About a kilometre from the school, the search party came across a patch of weeded and bloodstained grass.
There was also a spoor of flattened grass which led to a disused toilet.
The children’s bodies were found in the toilet pit.
When they were retrieved, both of them had a deep cut on the left side of the neck.
A further search led to the discovery of a bloodstained hoe and blood stained clothes from Sambaza’s homestead.
Post-mortem examinations concluded that the deaths of the two children were a result of severe neck trauma.
Testifying in court, Melissa’s father, Mr Douglas Taurai Benza said when he inspected the bodies of his daughter and Dylan, he noticed that they both had a deep cut on the left side of the neck and no other injuries.
“On April 13, I was working in my garden when Manyama passed by using a road beside the garden. We exchanged greetings and I asked Manyama if he had seen Melissa and Dylan. Manyama told me that he had seen them and left them near the Chiromba homestead.
“About 20 minutes after Manyama had left, my wife and mother arrived from a school meeting and told me that the children were not yet home.

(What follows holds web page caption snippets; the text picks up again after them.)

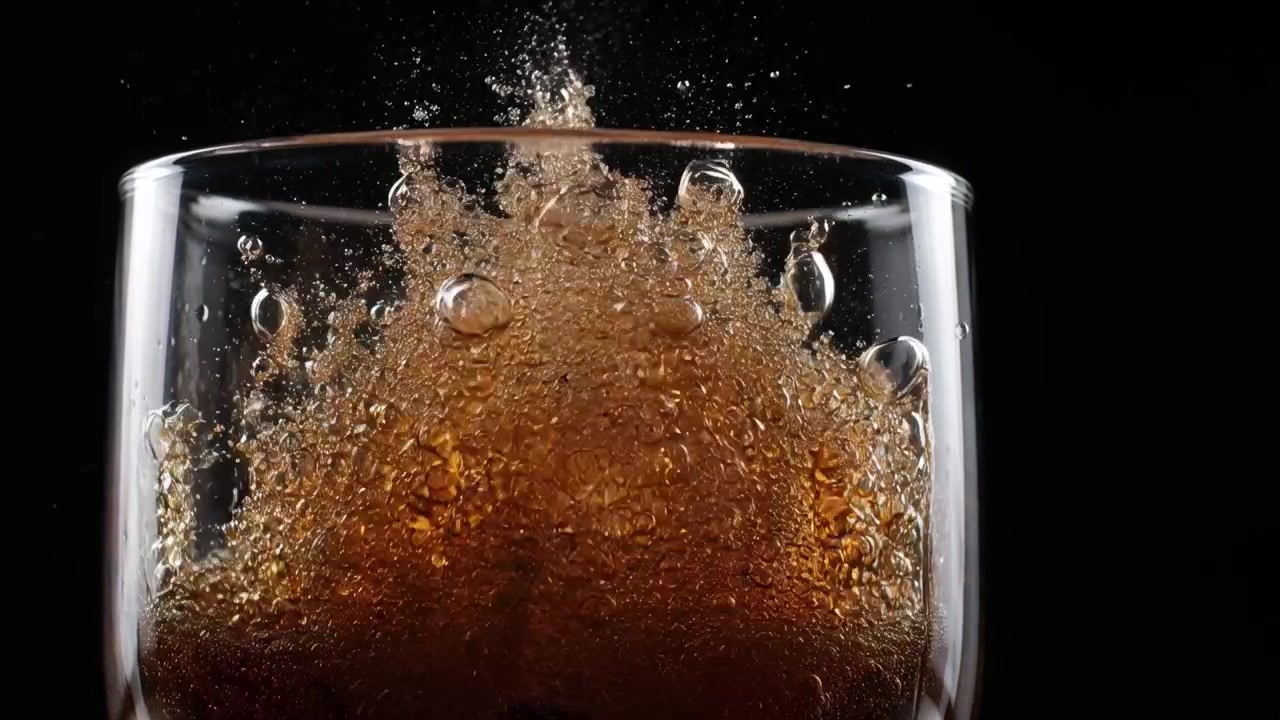 Bevanda Gassata che si Versa su un Cubetto di Ghiaccio in un Bicchiere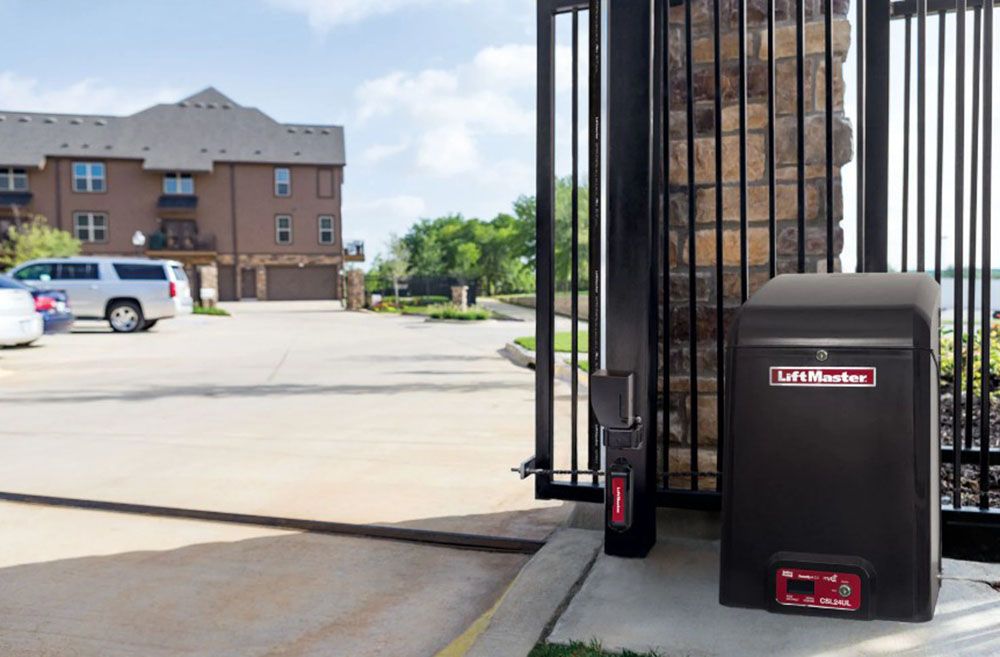 Driveway gate with black security box and keypad beside a brick apartment building.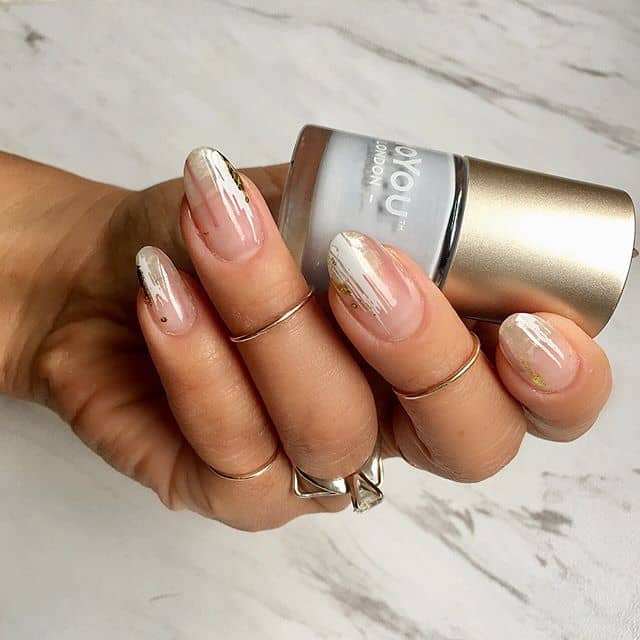 A Chic, Clear Manicure with Subtle Detailing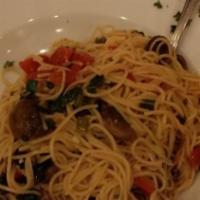 Pasta Promodoro · Cappelini tossed with olive oil, fresh herbs, garlic, mushroom, sun dried tomatoes, basil an...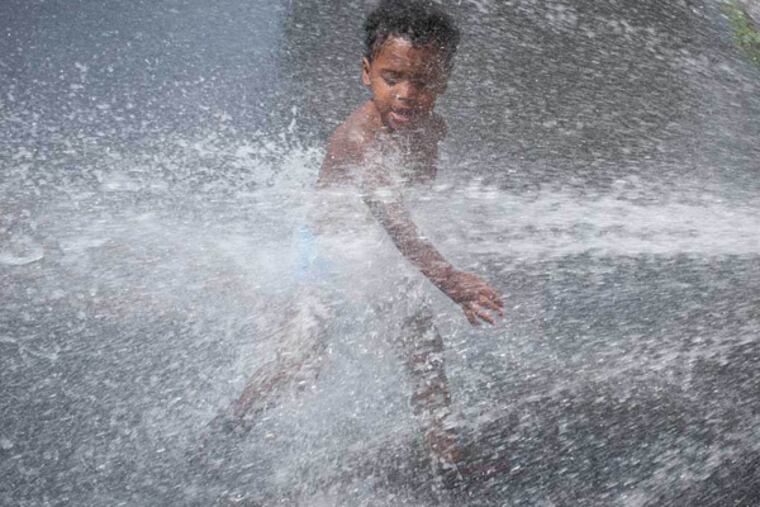 Two-year-old Camren Amtos plays in a fire hydrant along 4th Street in Feltonville with his stepfather (not pictured) on July 2, 2014. (RON TARVER / Staff Photographer)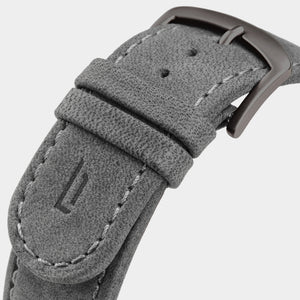 Close-up of a grey suede watch strap with stitching and metal buckle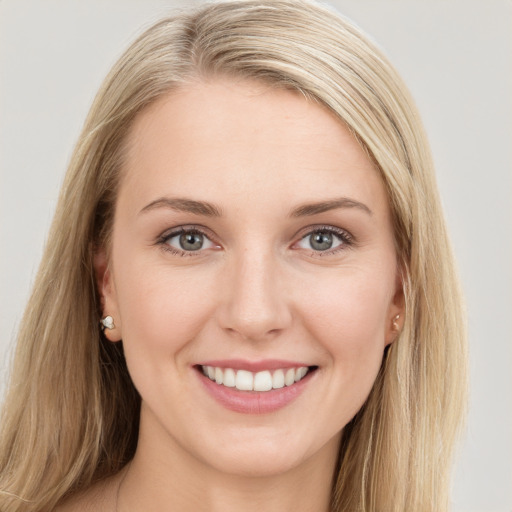 Joyful white young-adult female with long  brown hair and blue eyes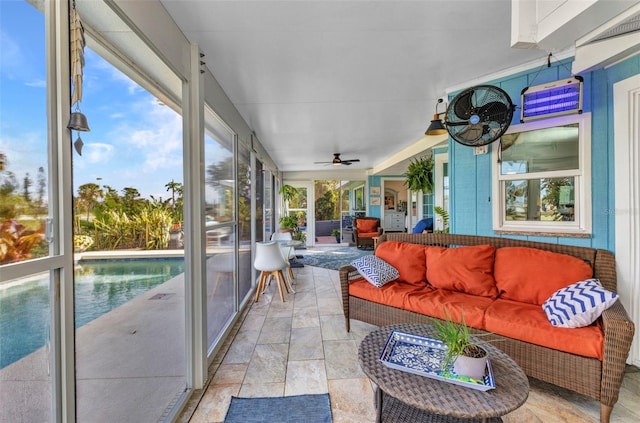 sunroom / solarium with an outdoor living space and ceiling fan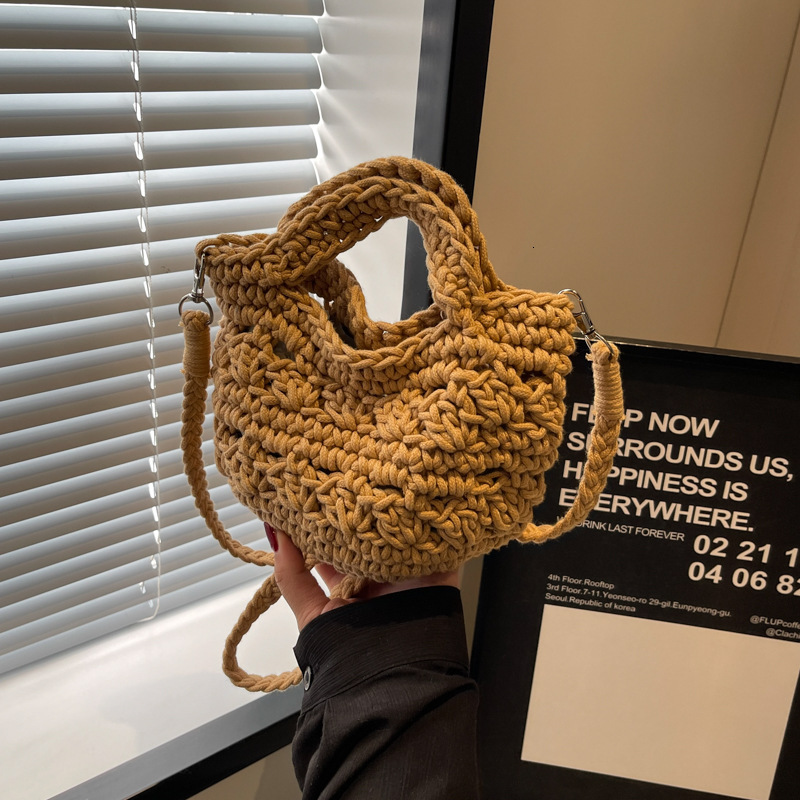 designer 2025 New Hollow Woven Bag for Women Versatile Crossbody Bag Vacation Beach Bag Niche Artistic Shoulder Crossbody Bag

“We waited in vain, and we decided to spread word that the two children were missing. A search commenced, but it was to no avail. I was present when my wife phoned Manyama to enquire where he had left the children.
“Manyama told her that he had left them near Nyagambu River. As the search continued, a neighbour, Mr Norbert Chiromba, called Manyama again, but he changed his statement and said he had left the children near the road,” said Mr Benza.
Sambaza’s mother, Ms Idah Pandukari said: “On the day in question, I left home to do my laundry at a nearby borehole. My son was at home when I left. Around 2pm, I saw Manyama walking along a footpath which is 30 metres from the borehole. He was being followed by Melissa and Dylan.
“When I returned home, I was surprised to hear my son Sambaza announcing that he was leaving for Nyanga. He was acting strangely. As I went about attending to my chores, I met Dylan’s mother who informed me that the two children had not yet returned home.
“The next morning, I heard that the two children were still missing. On that same day, I heard that the two missing children’s bodies had been found in a disused toilet at an abandoned homestead about 50 metres from my homestead.
“I later found a bloodstained hoe in my yard. Tests on the blood confirmed that it was the children’s blood,” said Ms Pandukari.
The minors’ cold-blood murder shocked the nation and Deputy President of the Senate, Senator Mike Nyambuya, joined thousands of mourners to give them an emotional send-off at a joint funeral at an open space near the Benza homesteads.
Speaking at the funeral, Senator Nyambuya said the two cousins’ deaths touched the whole nation.
“It could have been one of your children or grandchildren dying in such a cruel manner. It could have been any one of us here being murdered in cold blood because these ritual killers know no age.
“Where have our norms and values gone to? We should respect the sanctity of human life. Laws should be enacted to punish the perpetrators and those who incite people to conduct ritual killings.
“We don’t know who will be the next victim. Communities should be on the look-out for ritual killers. All those convicted should face the full wrath of the law,” said Senator Nyambuya.